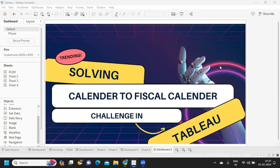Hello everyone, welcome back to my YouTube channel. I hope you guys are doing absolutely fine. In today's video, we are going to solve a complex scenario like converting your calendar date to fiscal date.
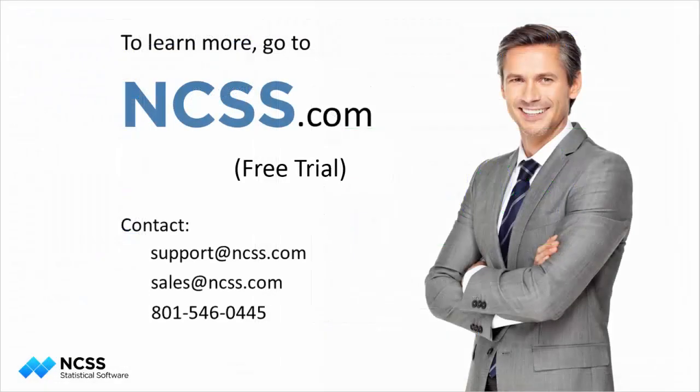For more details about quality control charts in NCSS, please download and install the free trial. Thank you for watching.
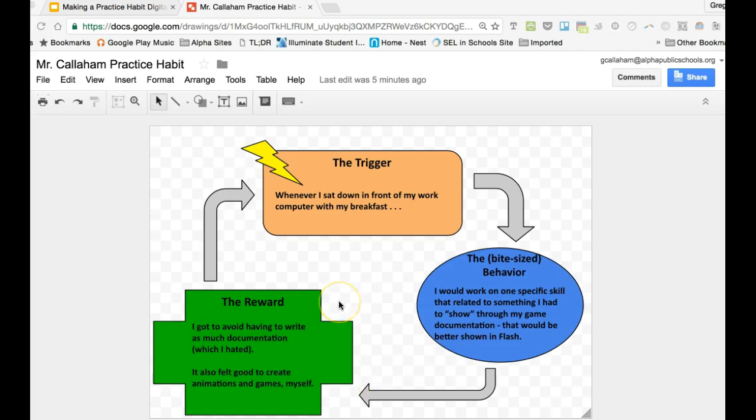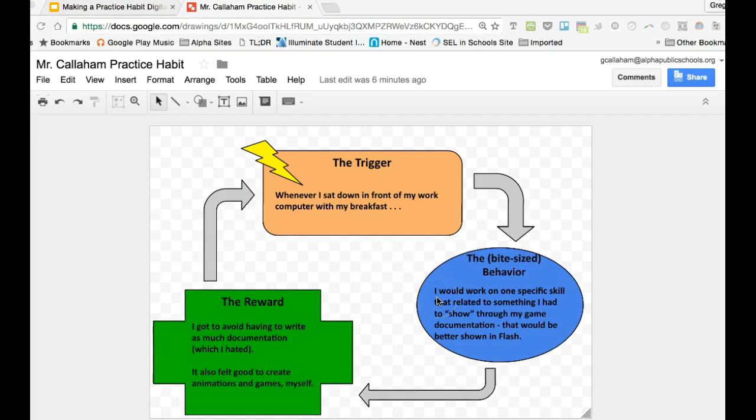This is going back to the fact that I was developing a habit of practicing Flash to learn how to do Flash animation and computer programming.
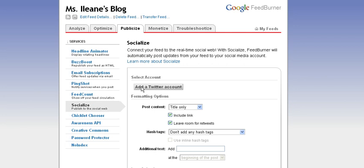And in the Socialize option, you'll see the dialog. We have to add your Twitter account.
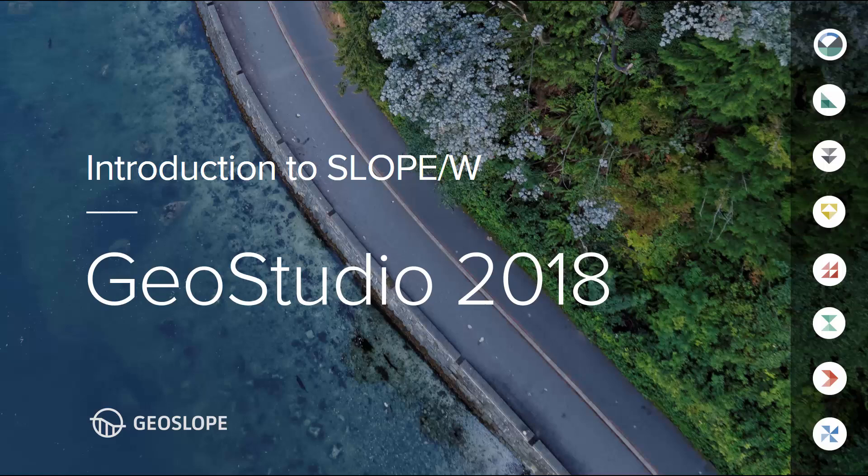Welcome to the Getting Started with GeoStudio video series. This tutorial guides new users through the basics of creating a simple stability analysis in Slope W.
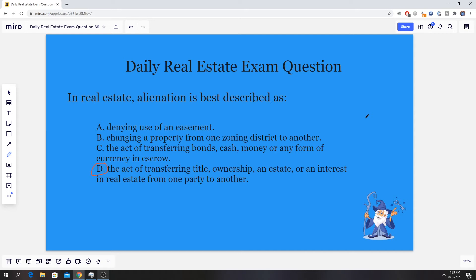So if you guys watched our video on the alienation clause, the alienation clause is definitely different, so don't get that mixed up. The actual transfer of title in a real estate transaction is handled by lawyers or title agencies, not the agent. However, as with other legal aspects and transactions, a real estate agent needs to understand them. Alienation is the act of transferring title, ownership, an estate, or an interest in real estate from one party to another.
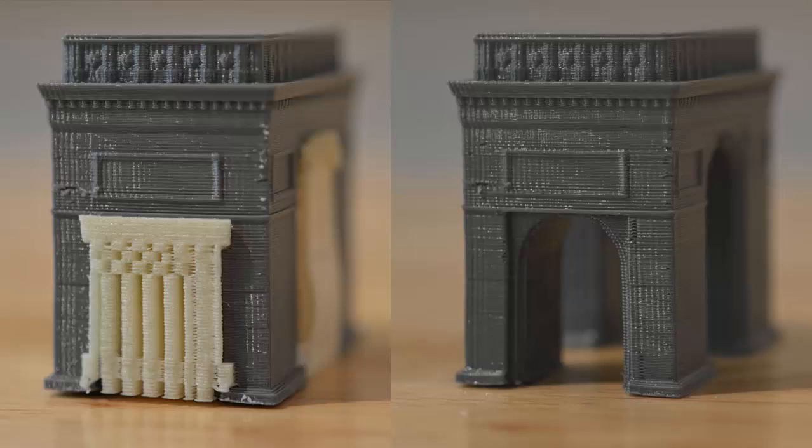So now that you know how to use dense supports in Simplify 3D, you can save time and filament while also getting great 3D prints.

## Exercise description
None of the pictures should appear, though every line of the data above must be reproduced exactly.

## Task response
Hello everyone, welcome back to my YouTube channel. I hope you guys are doing absolutely fine. In today's video, we are going to solve a complex scenario like converting your calendar date to fiscal date.
For more details about quality control charts in NCSS, please download and install the free trial. Thank you for watching.
This is going back to the fact that I was developing a habit of practicing Flash to learn how to do Flash animation and computer programming.
And in the Socialize option, you'll see the dialog. We have to add your Twitter account.
Welcome to the Getting Started with GeoStudio video series. This tutorial guides new users through the basics of creating a simple stability analysis in Slope W.
So if you guys watched our video on the alienation clause, the alienation clause is definitely different, so don't get that mixed up. The actual transfer of title in a real estate transaction is handled by lawyers or title agencies, not the agent. However, as with other legal aspects and transactions, a real estate agent needs to understand them. Alienation is the act of transferring title, ownership, an estate, or an interest in real estate from one party to another.
So now that you know how to use dense supports in Simplify 3D, you can save time and filament while also getting great 3D prints.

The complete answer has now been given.